All through the 16th century, several different types of world map projections were created with some configurations that were more distinguished by their artistic eloquence rather than their geographical usefulness. A projection map is a projection of the globe onto a flat map using a grid of lines of latitude and longitude. Guillaume Postel, created a unique woodcut, measuring 120 x 90 centimeters, which combined cartographic and decorative interest. Paris was the first to issue the map, titled ‘Polo Aptata Nova Charta Universi, in 1581 and again in 1589. But, the 1621 issuance is the only surviving copy impression, which is now being preserved by the Bibliotheque Service Historique de la Marine. The Polo Aptata Nove Charta Universi, shows two divided southern hemispheres with reduced-scale quarters and in the top corners, mirror-images. Postel’s map, with its striking decorations and its exquisite and exacting geographical information was a tour-de-force of its time and reveals a strong influence of De Jode of the late 16th century Antwerp school.
In 1691, Moxon, a map seller in England, devised an interesting map that contained not only the terrestrial hemispheres, but celestial as well. Moxon’s family advertised similar maps in a catalogue, stating that these world maps could be bound up with Bibles. In 1671, Moxon’s father, Joseph prepared a set of biblical maps to be combined with Moxons’ that contained a map where the terrestrial hemisphere stretches as far as the equator with the southern sections of America and Africa extending into two of the corners; there are 14 biblical scenes surrounding both hemispheres of Moxon’s more commonly found world map on an oval projection map.

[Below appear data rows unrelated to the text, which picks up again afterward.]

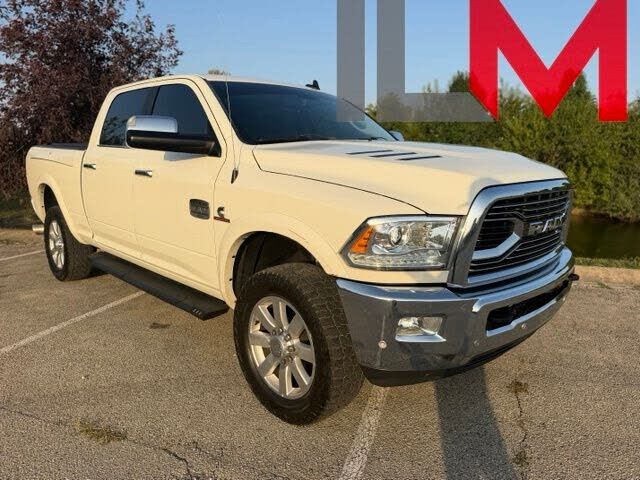 2018 RAM 2500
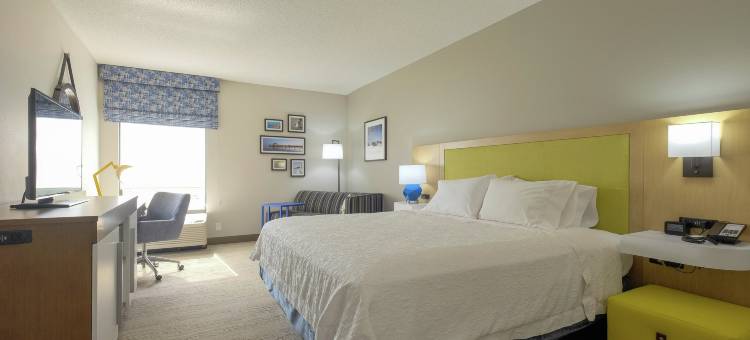 希尔顿欢朋酒店-伊登顿(Hampton Inn Edenton)图片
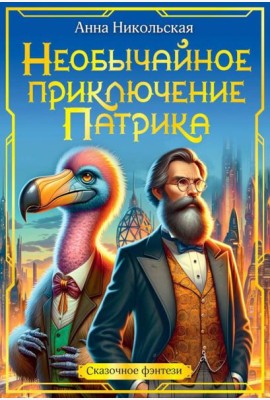 Необычайное приключение Патрика: повесть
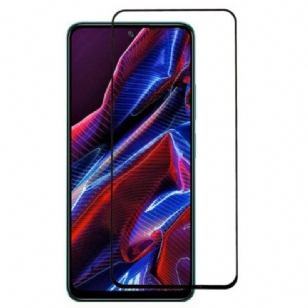 Protection Écran Contours Noirs Xiaomi Redmi Note 12/Poco X5 5G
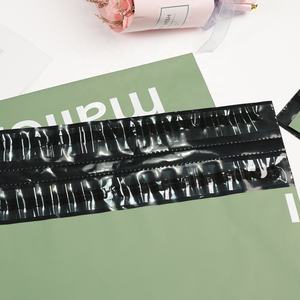 Bolsas de embalaje personalizadas ecológicas biodegradables al por mayor, boutiques de ropa, bolsas de plástico con envío exprés postal - Product Image 5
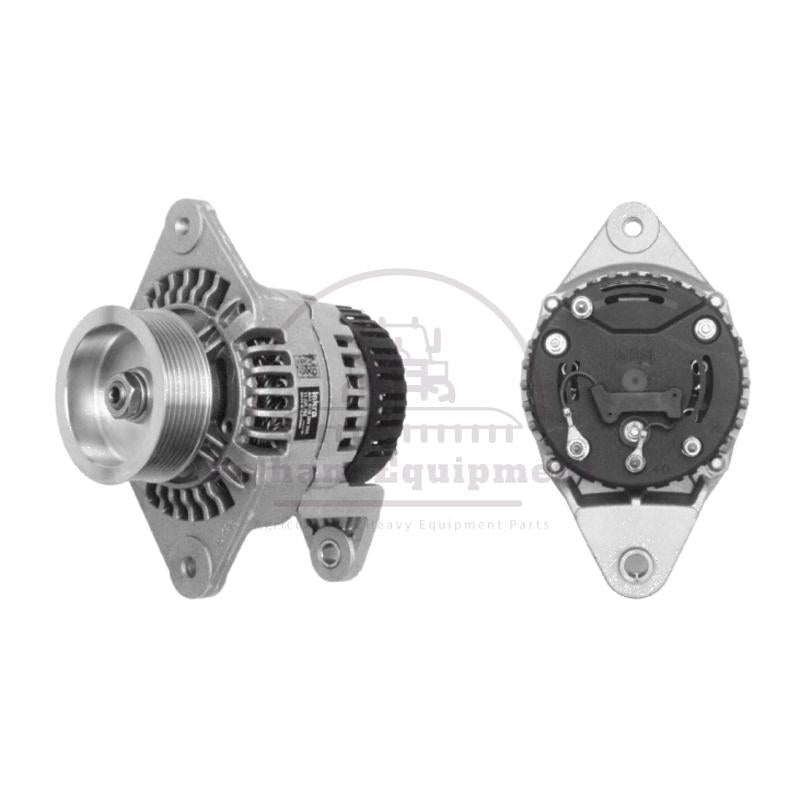 MAHLE Alternator 28V 50A MG 548 for Reliable Charging Performance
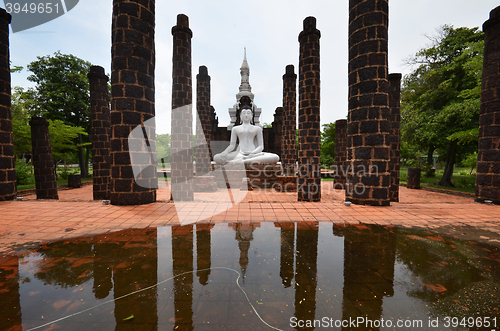 Image of The historical old town of Sukhothai, Thailand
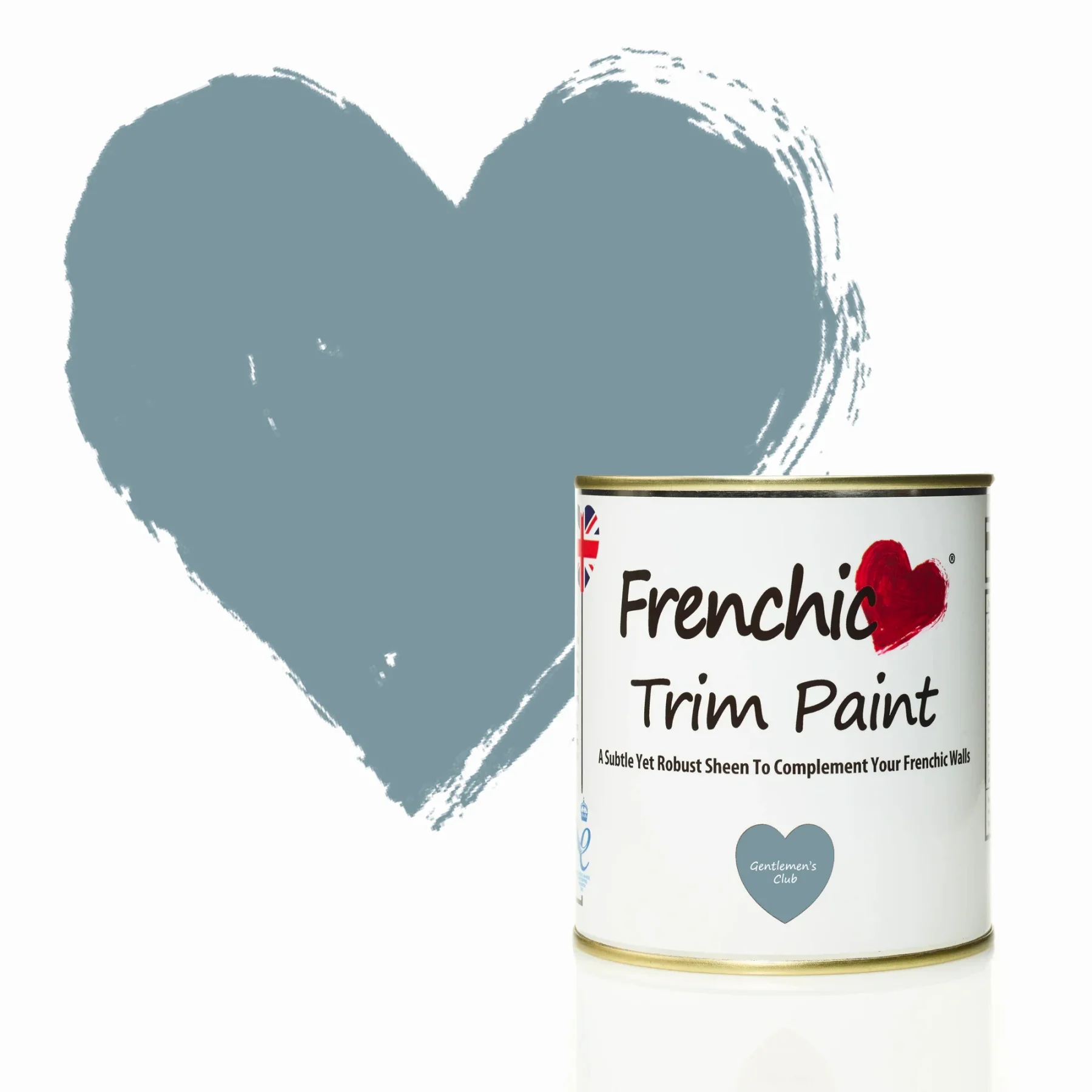 Gentlemen’s Club Trim Paint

Giovanni Domenico Cassini’s polar projection map of Jupiter is the most celebrated. Giovanni collected astronomical observations of the satellites of Jupiter by the Paris Observatory between the years of 1676 and 1683. Cassini’s map of 1696 was considered the first printed representation of a very large circular map, 8 meters in diameter located on the floor of the Observatory. There were other maps, like the giant de Fer-van Loon double-hemispherical world map of 1694 that also used the Academy’s observations, unfortunately, with Cassini’s maps, which were published in Paris, and despite its importance as a record for scientific geography, there are only 2 copies left, one with the signature of Cassini’s son and the other dating back to 1712.
Polar projection maps are specialised examples of cartographic art, map makers experimented with many kinds of map projections: oval, polar, planispherical and cordiform, but by the 18th century,the maps with a single polar projection became extremely rare due to the popularity of the cylindrical projections and the more widely accepted stereographic projection on two hemispheres.